Если бы Бесков об этом узнал, думаю, из команды бы не отчислил, но выволочку бы устроил. Наверняка сказал бы: «Ты, Бубнов, ставишь себя выше коллектива». Это была его коронная фраза. И мог добавить: «Как Ловчев». Он почему-то в такие моменты всегда Евгения Ловчева вспоминал. Видимо, Женя ему в печенках засел, и когда надо было кому-то объяснить, что тот плохой, сравнивал с Ловчевым.
Откуда это пошло?
До Бескова ведущие игроки вели себя как тренеры. Все себе позволяли. Николай Петрович Старостин это поощрял. А когда Бесков появился и установил свою диктатуру, вольнице пришел конец.

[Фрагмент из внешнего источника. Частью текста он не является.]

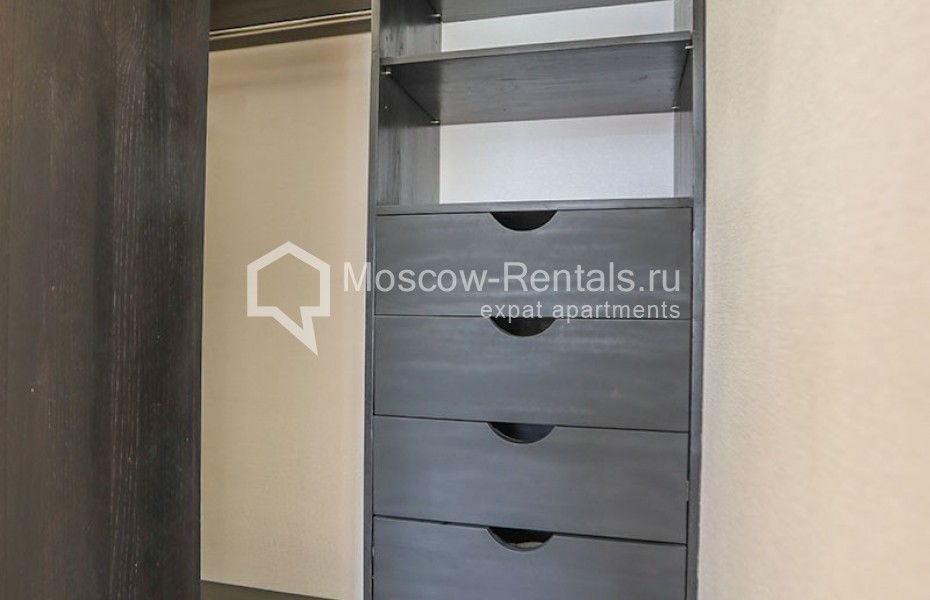 Photo #9 3-room (2 BR) apartment for <a href="http://moscow-rentals.ru/en/articles/long-term-rent" target="_blank">a long-term</a> rent
 in Russia, Moscow, Berezhkovskaya emb, 14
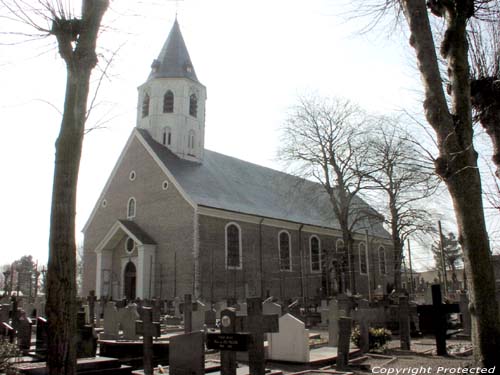 Eglise Notre Dame KAPRIJKE / BELGIQUE Photo par Jean-Pierre Pottelancie (merci!)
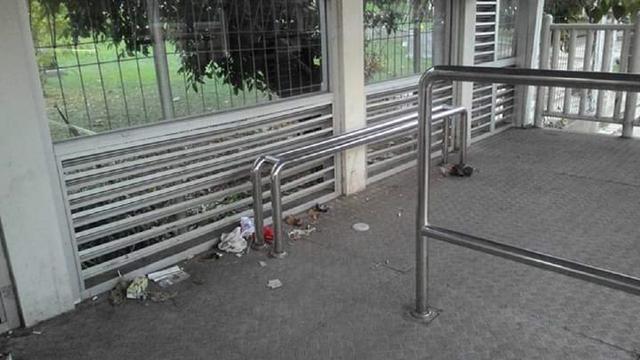 Kondisi salah satu halte BRT di Kota Makassar (Liputan6.com/ Eka Hakim)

Кто не принял новые правила игры, был из команды отчислен. И Старостин ничего не смог сделать, хотя воспринимал Бескова как хунту.
Старостин называл Бескова «диктатором в бархатных перчатках». Лобановский был для него просто «диктатором», а Бесков — «в бархатных перчатках». Я хорошо запомнил эту фразу. Речь, конечно, не о Бескове-тренере, а о Бескове-человеке. Его порядки противоречили спартаковским традициям. При Бескове главный тренер стал богом. Старостин же считал, что он один из членов коллектива, где все решается сообща. Для Бескова же это было полной ересью.

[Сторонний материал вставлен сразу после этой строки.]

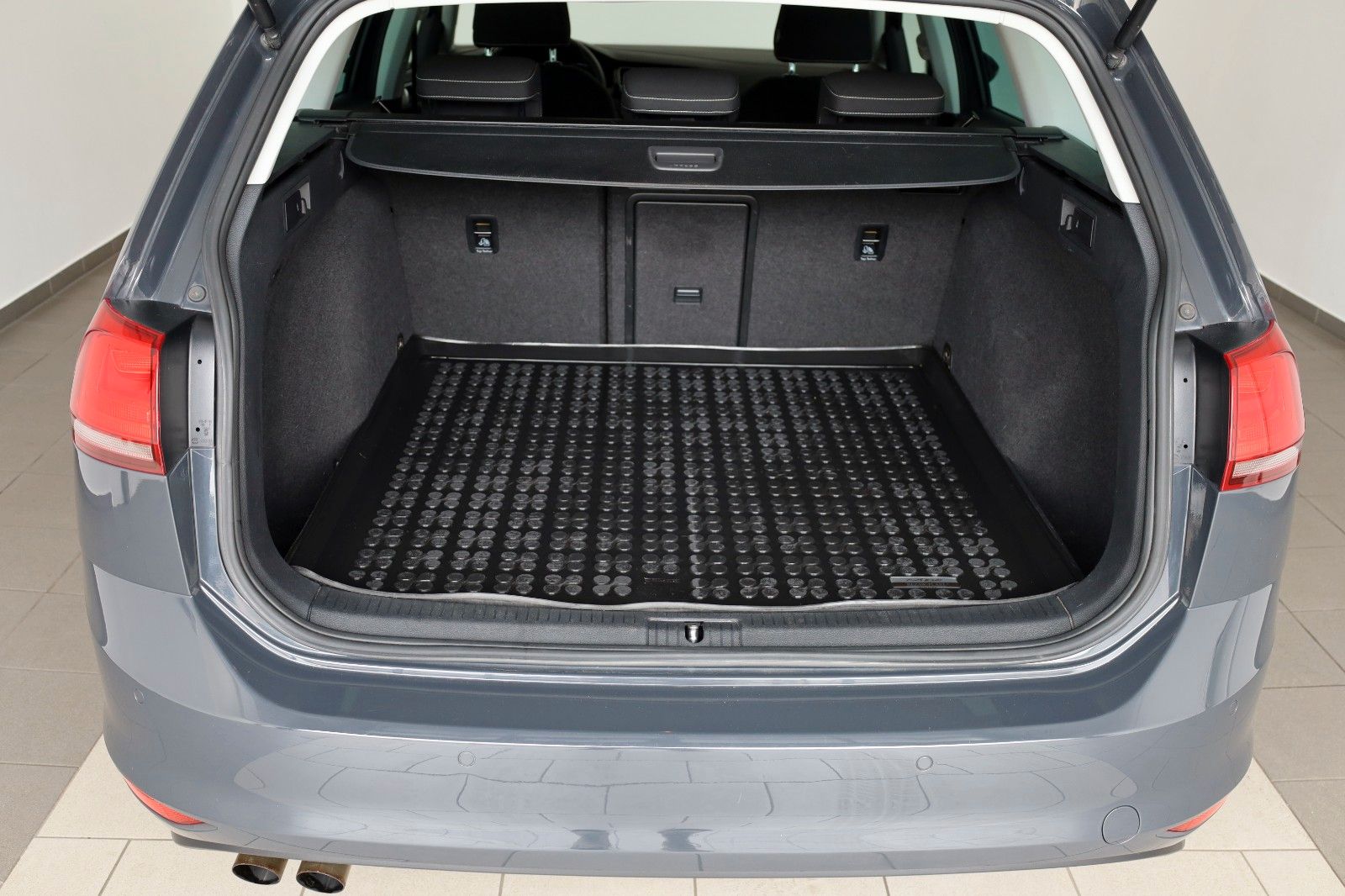 Fahrzeugabbildung Volkswagen Golf VII Variant Cup BMT Navi,Kamera,SH,Panorama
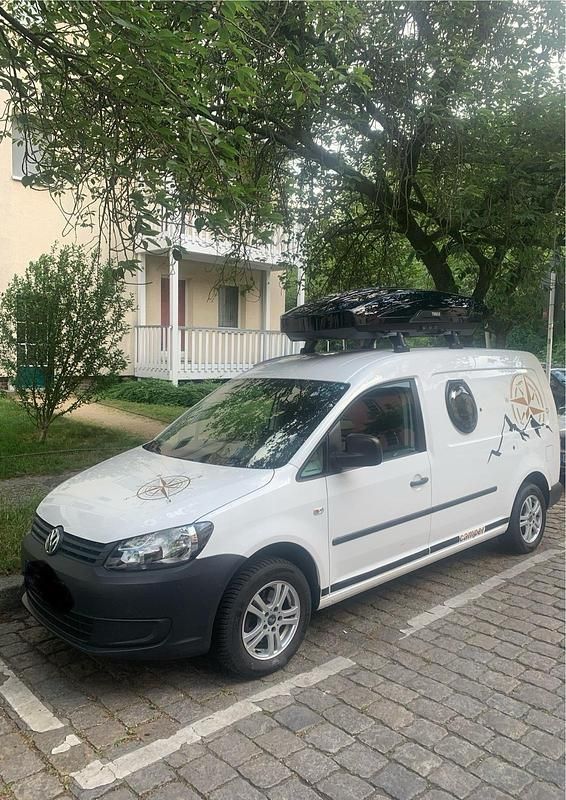 Weiß Gebraucht 2012 VW Caddy Maxi Van / Kleinbus | 14.990 € - Bild 1/4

Вслед за Бесковым пришел Олег Романцев. Человек, который отодвинет от руководства Деда и превратит «Спартак» в свою частную лавочку. Но в 1989 году это был еще не слишком уверенный в своих силах начинающий тренер.
Глава 2
Старостин
Я мог попасть в «Спартак» не в 27 лет, а гораздо раньше. Но не попал из-за Деда, Николая Петровича Старостина. А дело было после турнира юношеских команд в Сан-Ремо в 1972 году. На нем мы заняли первое место, а я забил голы в полуфинале и финале.
Старший тренер сборной Евгений Иванович Лядин хотел рекомендовать меня в «Торпедо», но, узнав, что я болею за «Спартак», дал мне телефон Старостина. Мы жили тогда в Орджоникидзе. Пошли с отцом на главпочтамт и позвонили Старостину.

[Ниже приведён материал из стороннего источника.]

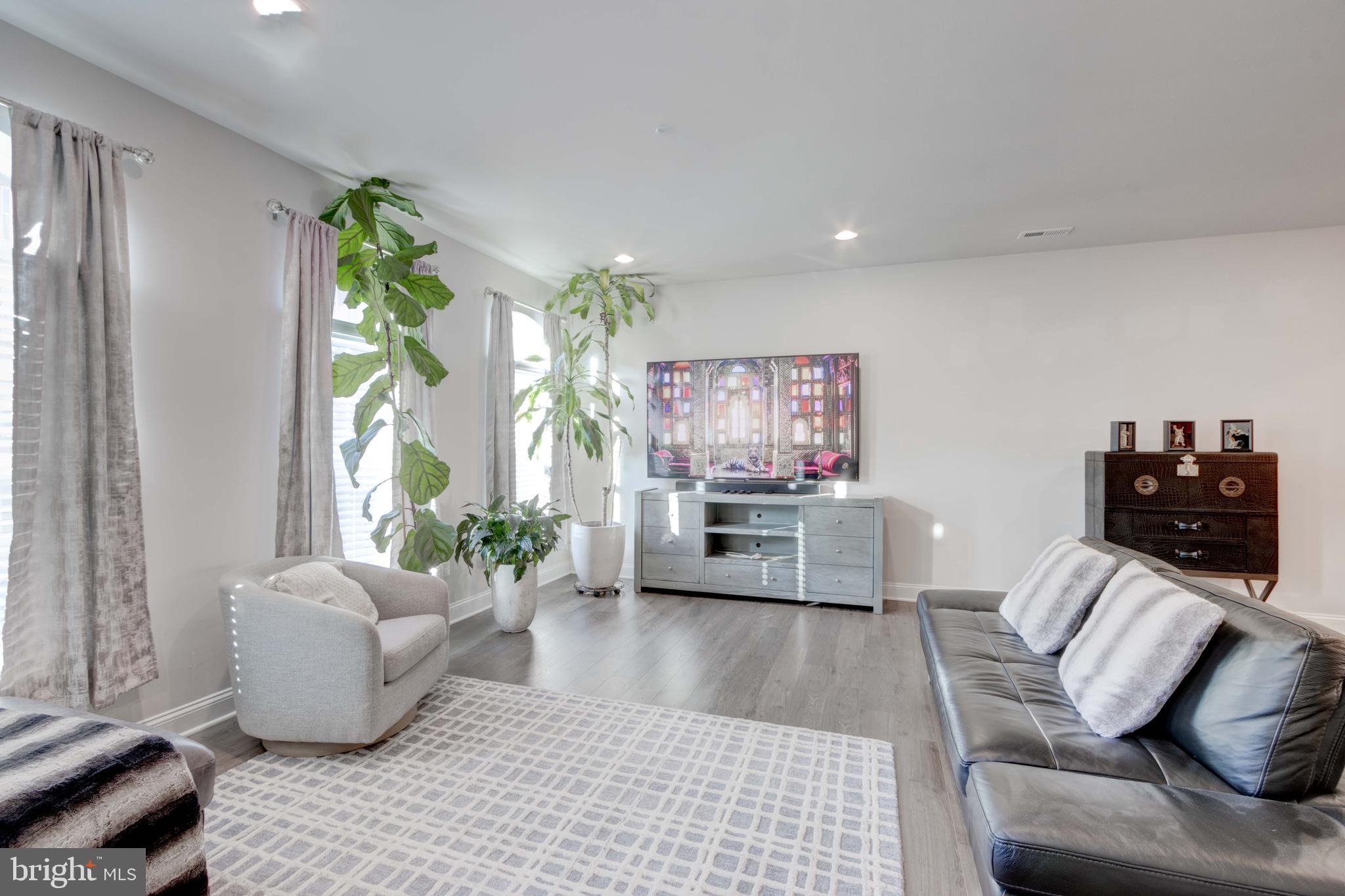 OXFORD SQUARE - Residential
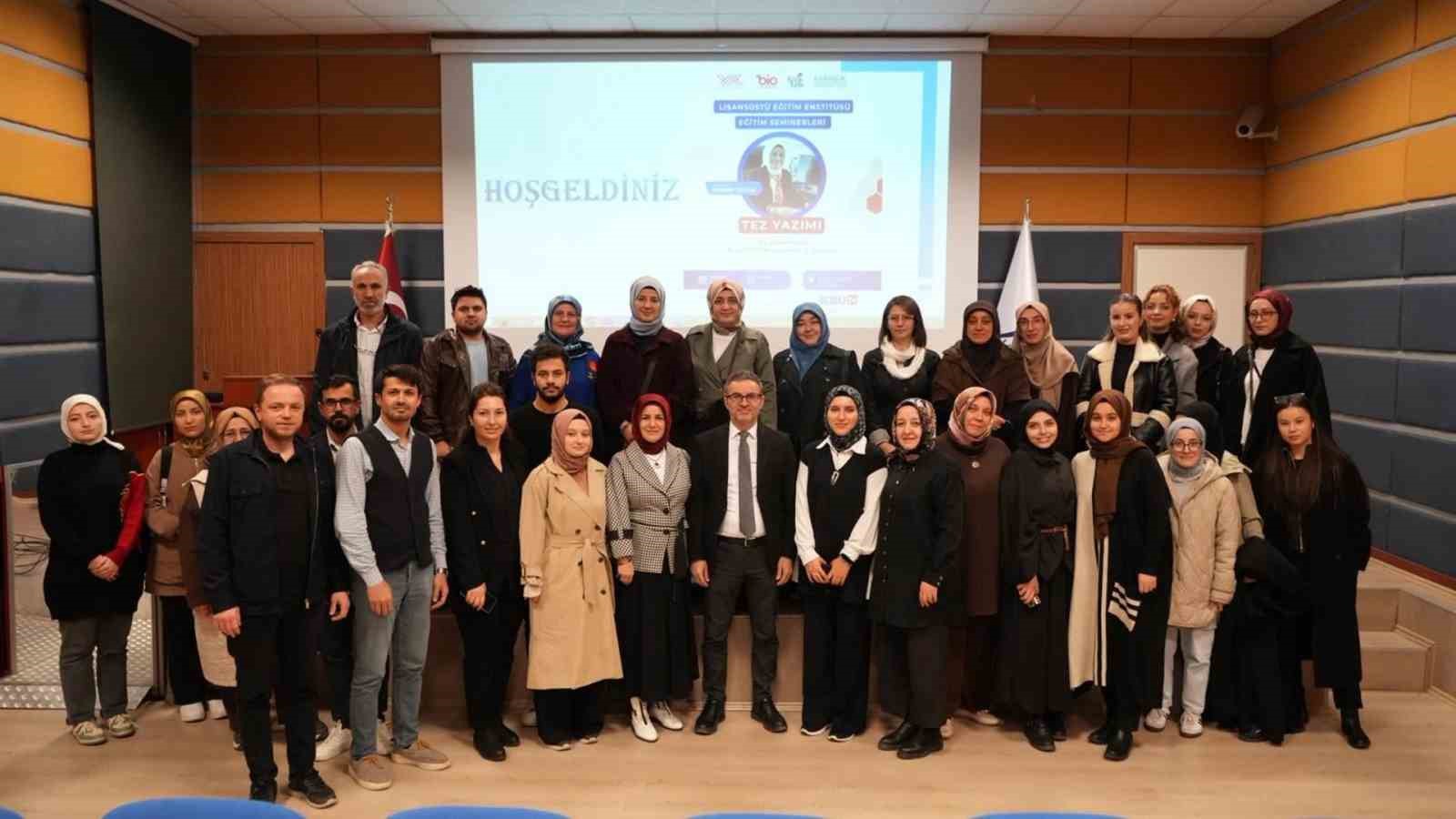 KBÜ’de "Tez Yazım Atölyesi" programı tamamlandı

Дед долго не мог понять, зачем ему звонит какой-то Бубнов. Как я догадался, Лядин ему обо мне так и не рассказал. В общем, разговора не получилось. Спустя годы я спросил Деда, помнит ли он, как не взял меня в «Спартак». Дед, как всегда, выждал минуту, рассмеялся и сказал: «Ни хера не помню!»
В Орджоникидзе основным источником информации было радио. Телевизоров почти не было, книг тоже не хватало. Кто такой Старостин, я почти не представлял. Так, слышал что-то. Яшина видел, а вот Старостина… Он же был начальником команды, а не футболистом. И историю его жизни мало кто тогда знал.
Однажды видел его в Управлении футболом, куда заезжал за бутсами. В Орджоникидзе нам бутсы не выдавали, а в Управлении футболом были люди, у которых их можно было купить. Настоящие, адидасовские! Старостина мне показали в коридоре. Он был в фуражке, в очках и совсем не напоминал солидных начальников других команд. В общем, не произвел на меня впечатления. Старичок, каких много.
Потом, когда пришел в «Динамо», много услышал о Старостине от полузащитника Александра Минаева, который знал, кто такой Дед, по «Спартаку», где провел четыре сезона. У Минаева даже блокнот был, куда он записывал знаменитые высказывания Старостина и других начальников и тренеров. По его словам, в «Спартаке» что ни собрание было, то спектакль.
Говорят, однажды, когда «Динамо» победило «Спартак», Дед зашел в раздевалку и говорит: «Е-мое! Бубнов вас всех поперебивал. Один. Как вы играете в футбол?» Деду нравилось, как я играю. Как, кстати, и знаменитому комментатору Николаю Озерову. Я-то его комментариев к матчам с моим участием по понятным причинам не слышал, но Зоя, моя жена, рассказывала, что другие комментаторы меня, бывало, поругивали, а вот Озеров всегда хвалил.